A month later, nine bodies were found outside Cancún. Five of the bodies, including three federal agents, were found dumped in a field off the airport highway. The police reported that the victims had been bound, tortured and shot once in the head. Four other victims were found burned to death inside a car a few miles away. The murders stem from a struggle between Mr. Guzmán and Mr. Cárdenas over money-laundering operations in that tourist town, Mexican investigators said.

On New Year's Eve, Mr. Guzmán's brother, who was being held at La Palma, was shot several times at point-blank range in the prison visiting area. He was the second convicted drug dealer associated with Mr. Guzmán to be killed at La Palma within the last three months.

And just last weekend, four men were found murdered gangland-style in the southern town of Morelia while two others turned up dead in Tamaulipas state near the American border. Investigators say both incidents appeared to be drug-related shootings. In Tamaulipas, the killers left a note taunting "El Chapo" on the bullet-ridden bodies.

The authorities said at least two people had been killed each day so far this year in Mr. Guzmán's home state of Sinaloa, considered the Mexican capital of drug trafficking.

The violence has raised questions about President Vicente Fox's crackdown against drug traffickers, praised here and in the United States for capturing more than 100 drug traffickers, among them 15 most-wanted kingpins, and weakening the systems of protection that allowed them to operate with impunity.

Law enforcement officials here and in the United States say that the crackdown has so badly weakened the cartels that they have been forced into volatile alliances and rash attacks. They see the killings as the last spasm of organizations desperate to stay in business.

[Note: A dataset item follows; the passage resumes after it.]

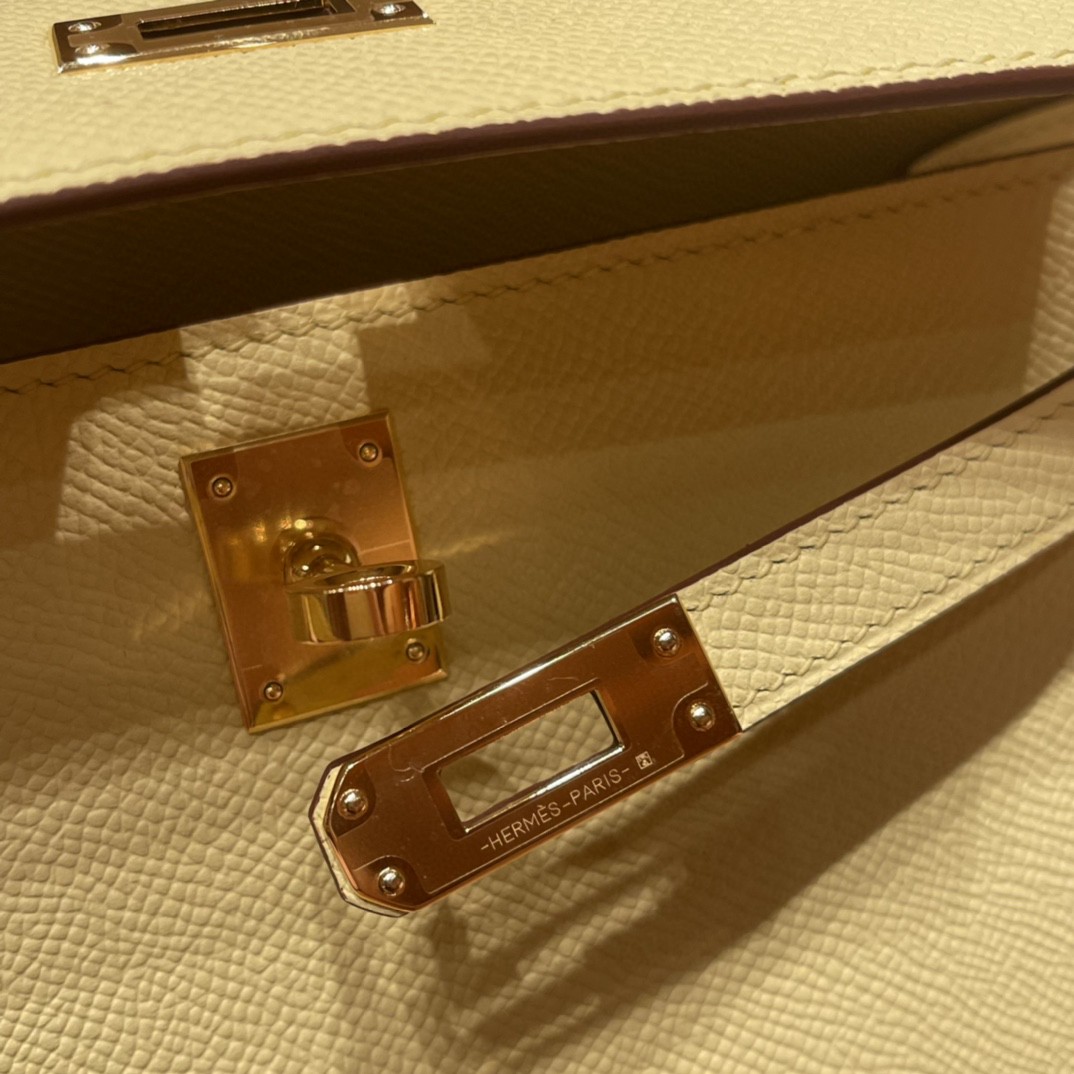 HERMES kelly pochette  一代 手包 Epsom 1Z 小鸡黄 金扣 今年又复出且火爆，超适合夏天的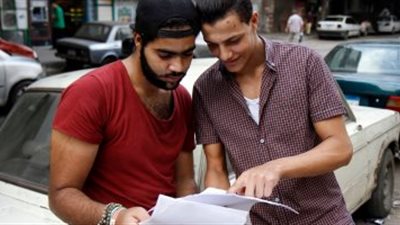 ضبط 3 حالات غش باستخدام الهاتف المحمول في مادة الديناميكا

"They are breaking up," said Mr. Vasconcelos, the assistant attorney general. "They are trying to sustain their strength by whatever means. That is what we are seeing now."

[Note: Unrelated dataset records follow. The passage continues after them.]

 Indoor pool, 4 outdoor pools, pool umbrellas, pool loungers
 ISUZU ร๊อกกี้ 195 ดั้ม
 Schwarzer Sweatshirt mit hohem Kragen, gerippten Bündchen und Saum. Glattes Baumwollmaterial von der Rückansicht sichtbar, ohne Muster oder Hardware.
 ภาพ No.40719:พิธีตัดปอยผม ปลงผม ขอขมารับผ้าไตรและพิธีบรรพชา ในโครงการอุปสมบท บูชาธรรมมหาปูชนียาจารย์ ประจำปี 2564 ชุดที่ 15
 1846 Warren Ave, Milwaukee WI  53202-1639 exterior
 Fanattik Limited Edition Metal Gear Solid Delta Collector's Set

Other experts on drug trafficking, however, say that the government's crackdown has done little to interrupt the flow of drugs through this country, nor to stem the corruption that allows drug traffickers to buy control of police and prisons.

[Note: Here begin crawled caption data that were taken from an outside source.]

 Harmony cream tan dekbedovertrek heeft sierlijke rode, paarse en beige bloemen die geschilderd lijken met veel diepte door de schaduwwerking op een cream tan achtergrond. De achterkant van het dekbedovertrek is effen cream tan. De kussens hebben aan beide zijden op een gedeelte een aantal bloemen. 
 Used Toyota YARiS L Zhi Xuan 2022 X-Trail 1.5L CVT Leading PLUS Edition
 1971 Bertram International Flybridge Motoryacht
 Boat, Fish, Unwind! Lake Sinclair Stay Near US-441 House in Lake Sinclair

In the wake of the increased law enforcement operations, these experts say, cartels have shifted alliances, and some have even begun operating in smaller units. But they have begun to bounce back, and so has the violence that comes with them.

"The good news is that the government of Mexico has arrested more kingpins and dismantled more cartels," said Jorge Chabat, an expert on organized crime at the Mexican research institute CIDE. "The bad news is that it means nothing. It hasn't stopped drugs from moving across the country. In fact, all it has done is created more violence."

Mr. Chabat added, "For many years, the United States complained that if Mexico did its job and put these kingpins in jail, then the drug war would end. But Mexico has done its job, and the war continues."

In a meeting with reporters on Thursday, Mr. Vasconcelos said the jailed drug bosses had used their lawyers to carry messages to operatives on the outside. He also said an untold number of guards had been bribed or threatened into cooperating.

At least five prison officials are being held in connection with the recent killings at the jail, including the director and two of his aides. And in the last week the government reinforced the security at La Palma, sending an additional 179 guards.

Jésus Blancornelas, a crusading Tijuana journalist who is one of the country's foremost experts on the drug trade, said adding officers to the prison would not change anything unless the rotten officers were removed.

"The problem in Mexico is that as long as you don't clean up the police, the drug trafficking system is going to continue working," Mr. Blancornelas said. "They say to me what do you have to do to capture the drug dealers, and I tell them, first, you have to capture the bad cops."